** WORKING DATA follows **

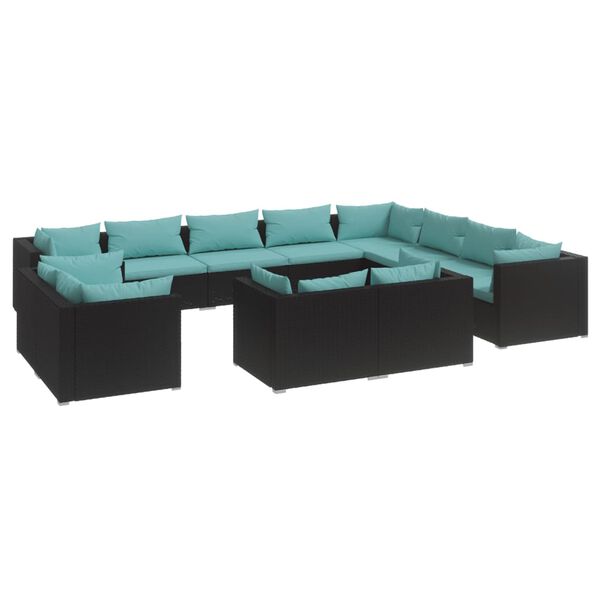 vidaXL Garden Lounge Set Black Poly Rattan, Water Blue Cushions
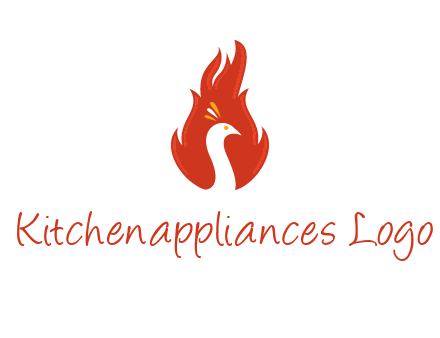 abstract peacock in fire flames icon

** End of WORKING DATA **
** WORKING DATA follows **

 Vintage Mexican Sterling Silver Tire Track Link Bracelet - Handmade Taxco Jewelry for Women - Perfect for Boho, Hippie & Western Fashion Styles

** End of WORKING DATA **

* _TO DO_: The line holding "vidaXL Garden Lounge" starts the copy and the line holding "abstract peacock in fire flames icon" ends it. Repeat those two lines above and all between them exactly, leaving out pictures.

* _SOLUTION FOR THIS TASK_:
 vidaXL Garden Lounge Set Black Poly Rattan, Water Blue Cushions
 abstract peacock in fire flames icon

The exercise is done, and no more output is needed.